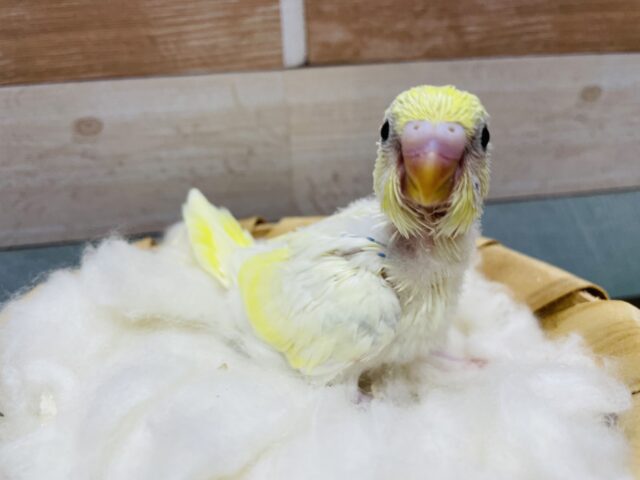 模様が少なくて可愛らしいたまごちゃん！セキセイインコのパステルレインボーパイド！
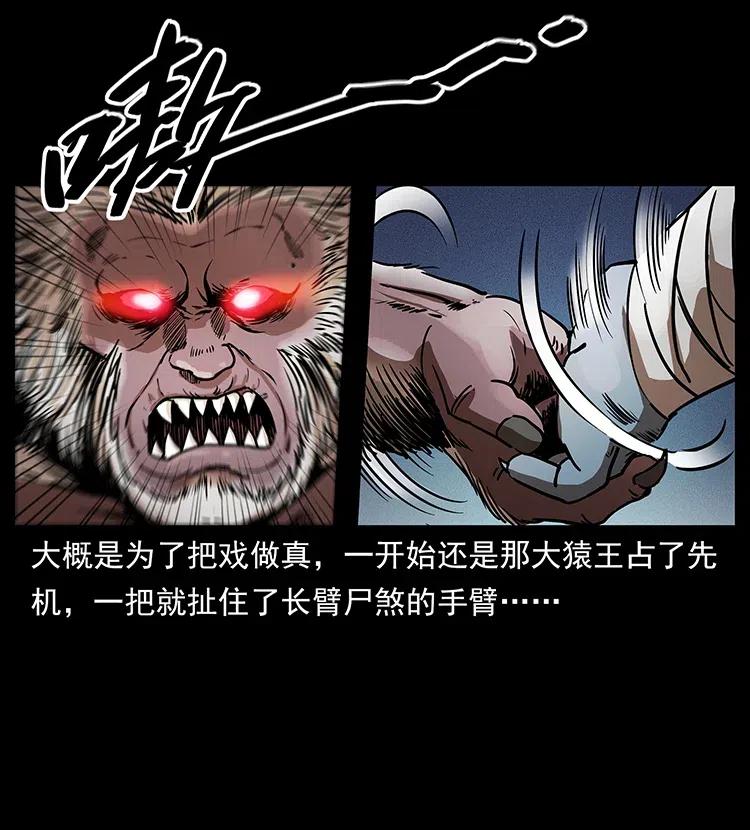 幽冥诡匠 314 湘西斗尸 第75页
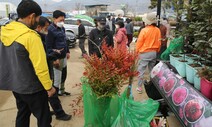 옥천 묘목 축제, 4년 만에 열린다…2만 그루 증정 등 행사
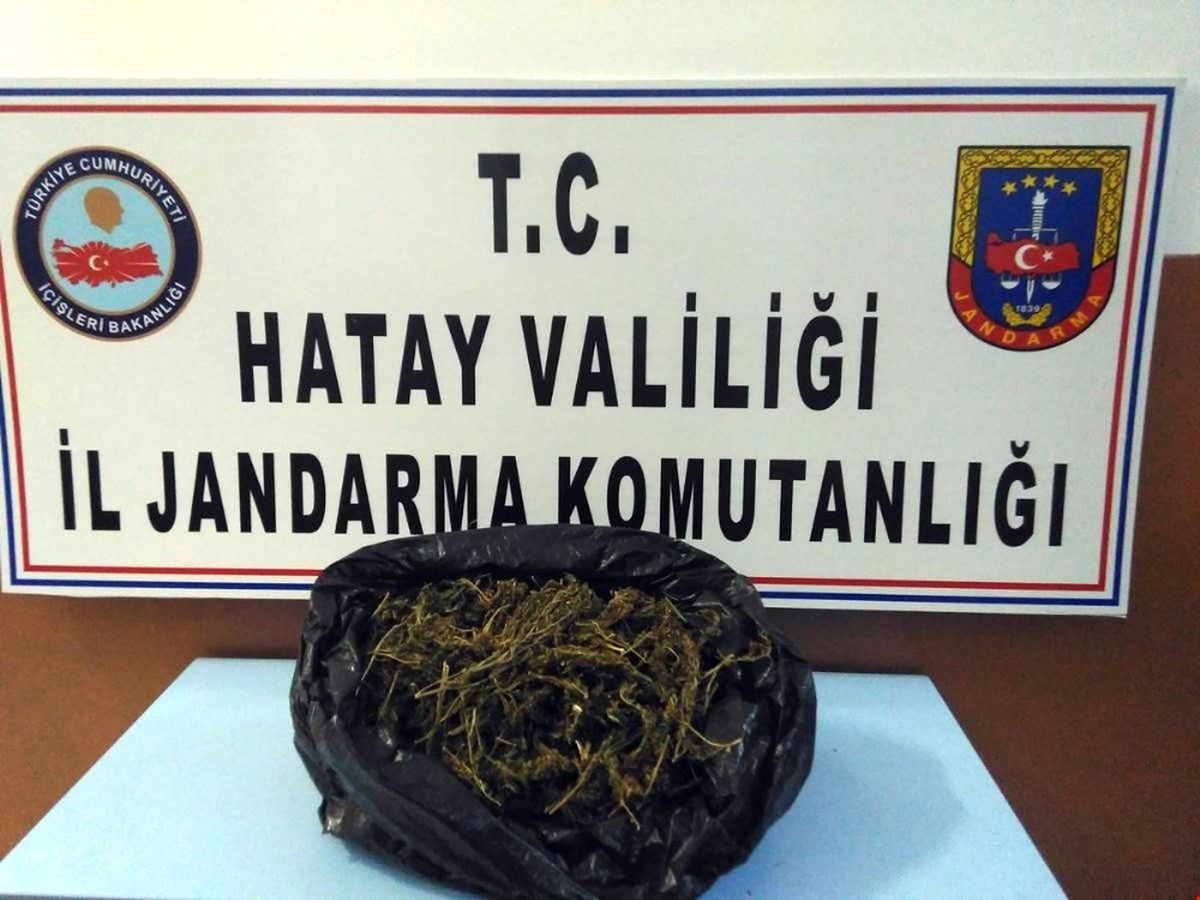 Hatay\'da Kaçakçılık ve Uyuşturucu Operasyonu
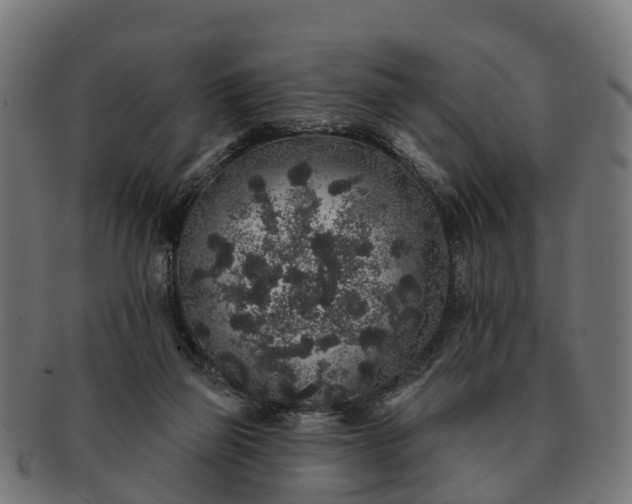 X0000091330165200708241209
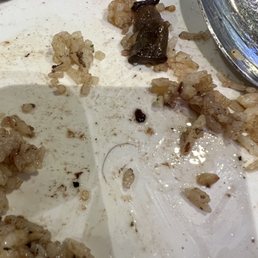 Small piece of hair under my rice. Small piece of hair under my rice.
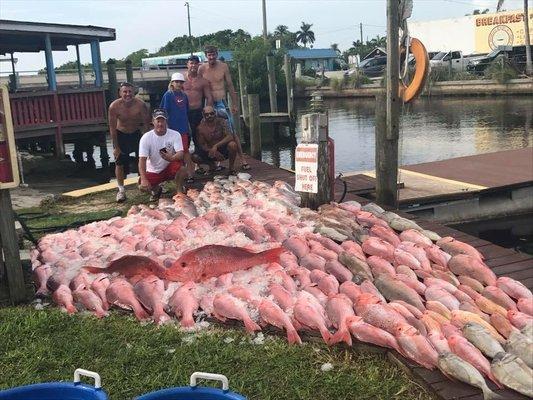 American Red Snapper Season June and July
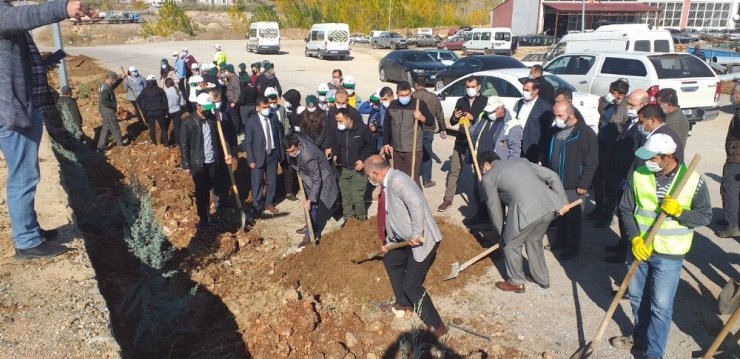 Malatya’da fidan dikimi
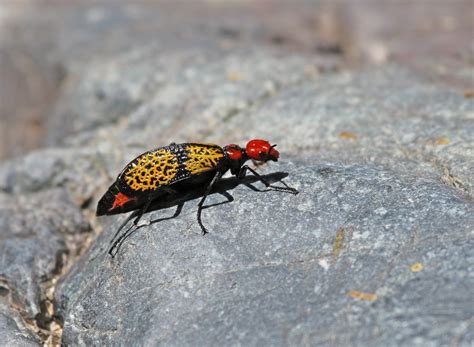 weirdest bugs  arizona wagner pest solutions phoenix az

WORK TASK
Drop the images, then copy the data exactly.

SOLUTION
 模様が少なくて可愛らしいたまごちゃん！セキセイインコのパステルレインボーパイド！
 幽冥诡匠 314 湘西斗尸 第75页
 옥천 묘목 축제, 4년 만에 열린다…2만 그루 증정 등 행사
 Hatay\'da Kaçakçılık ve Uyuşturucu Operasyonu
 X0000091330165200708241209
 Small piece of hair under my rice. Small piece of hair under my rice.
 American Red Snapper Season June and July
 Malatya’da fidan dikimi
 weirdest bugs  arizona wagner pest solutions phoenix az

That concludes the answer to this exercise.